§ **Records from a collection**:
***

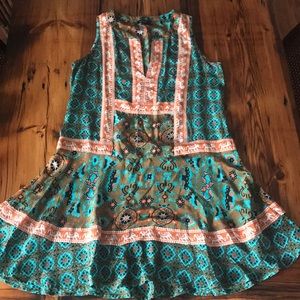 Anthropologie printed tunic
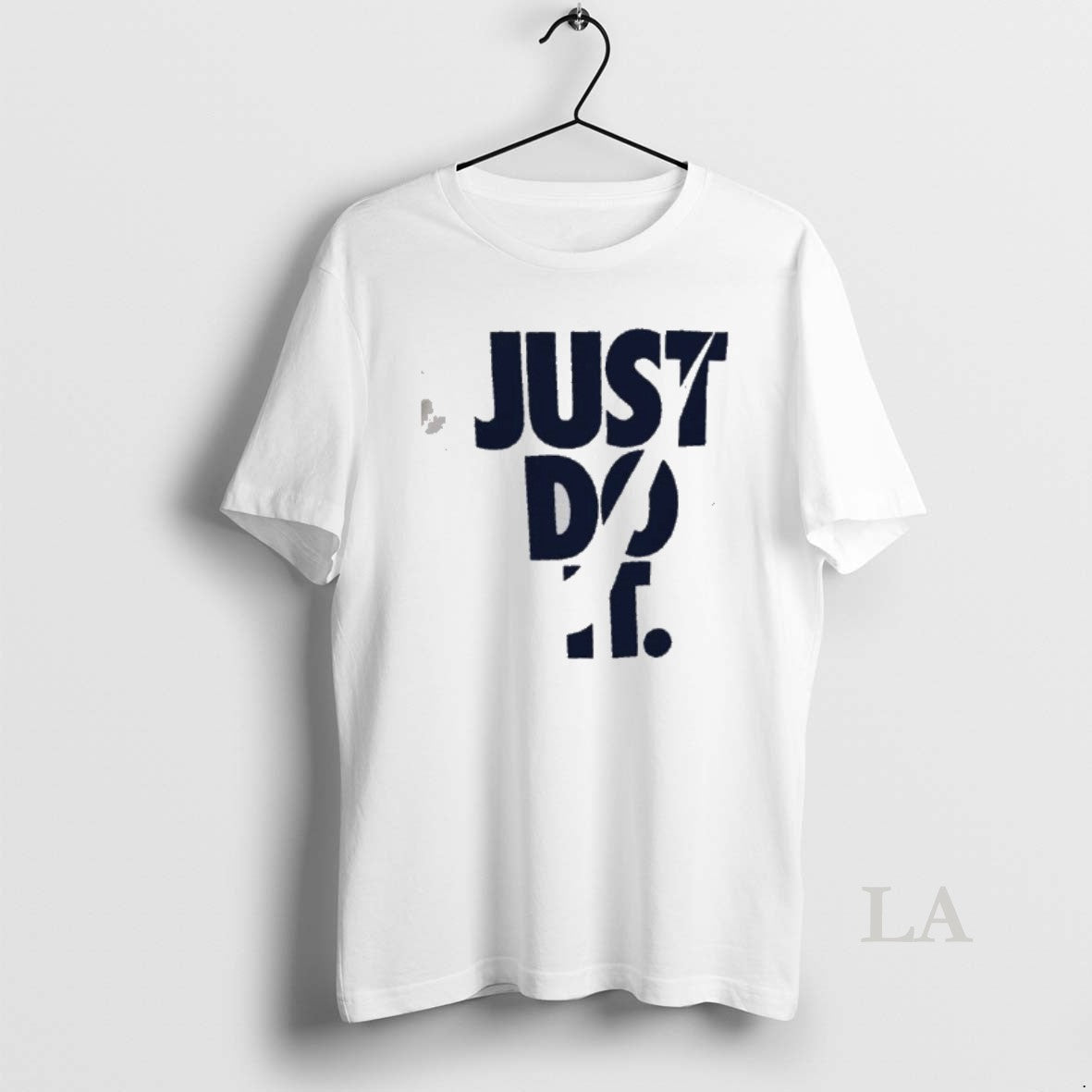 Original Just Do It Nike Swoosh Vertical Stacked Text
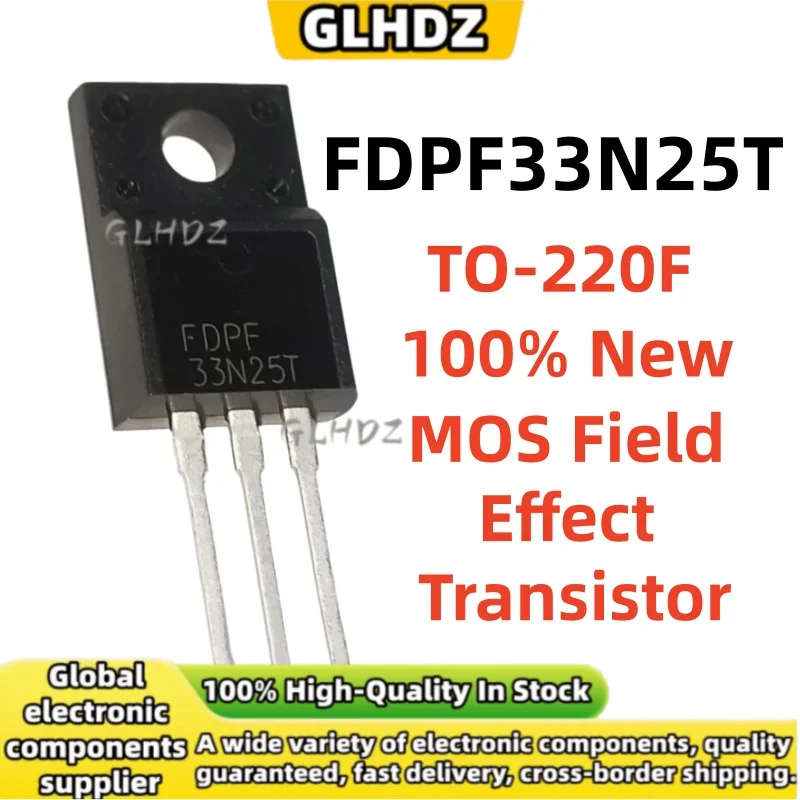 10-100PCS FDPF33N25T TO-220F 33N25T MOS Field Effect Transistor NEW quality spot goods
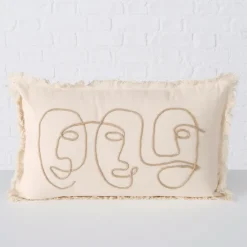 Zierkissen PICA 30 x 50 cm beige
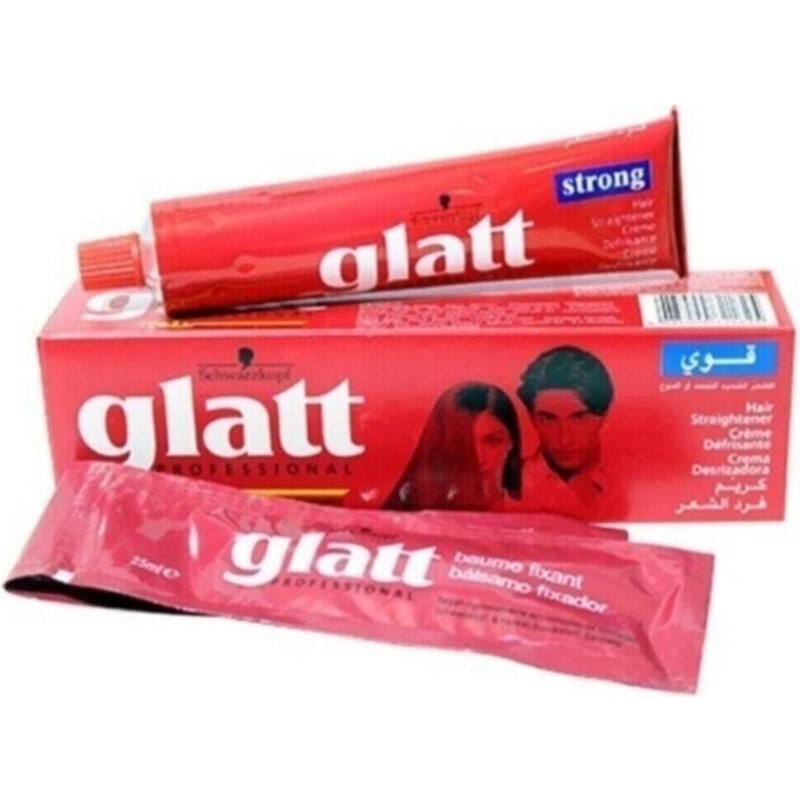 Glatt Schwarzkopf Glatt Strong Saç Düzleştirici Krem 82 ml Uzun Süreli Düzleştirme Etkisi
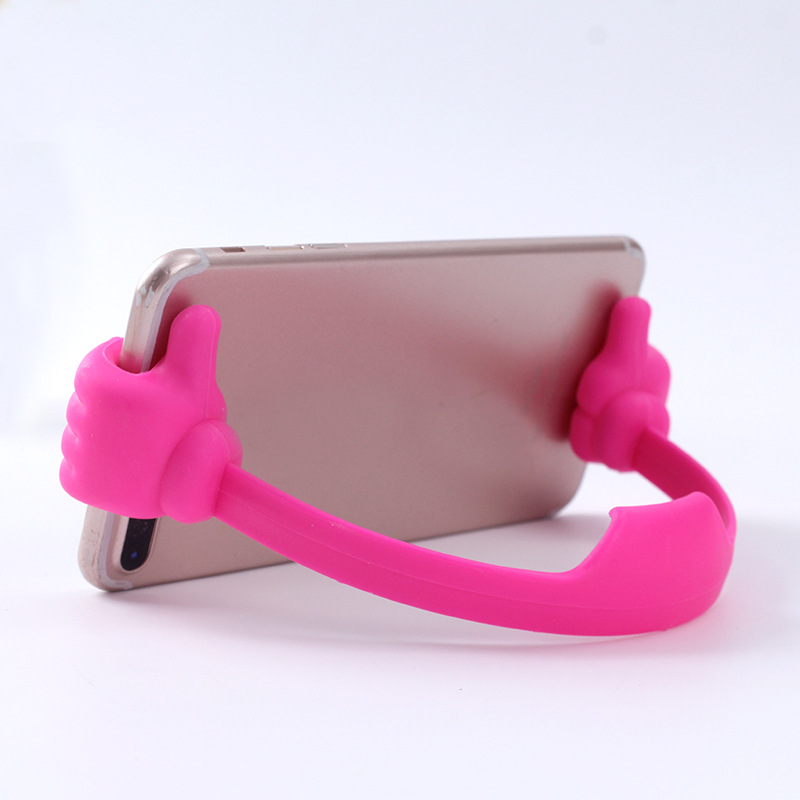 Duimen omhoog Telefoonhouder Luie mobiele telefoon Duimstandaard Draagbare elastische creatieve universele mobiele telefoon iPad-standaard Telefoonsbeugel: Sapphire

***

§ **WHAT IS EXPECTED**:
The expected output is every entry above, retyped exactly, with the pictures removed.

§ **TASK ANSWER**:
 Anthropologie printed tunic
 Original Just Do It Nike Swoosh Vertical Stacked Text
 10-100PCS FDPF33N25T TO-220F 33N25T MOS Field Effect Transistor NEW quality spot goods
 Zierkissen PICA 30 x 50 cm beige
 Glatt Schwarzkopf Glatt Strong Saç Düzleştirici Krem 82 ml Uzun Süreli Düzleştirme Etkisi
 Duimen omhoog Telefoonhouder Luie mobiele telefoon Duimstandaard Draagbare elastische creatieve universele mobiele telefoon iPad-standaard Telefoonsbeugel: Sapphire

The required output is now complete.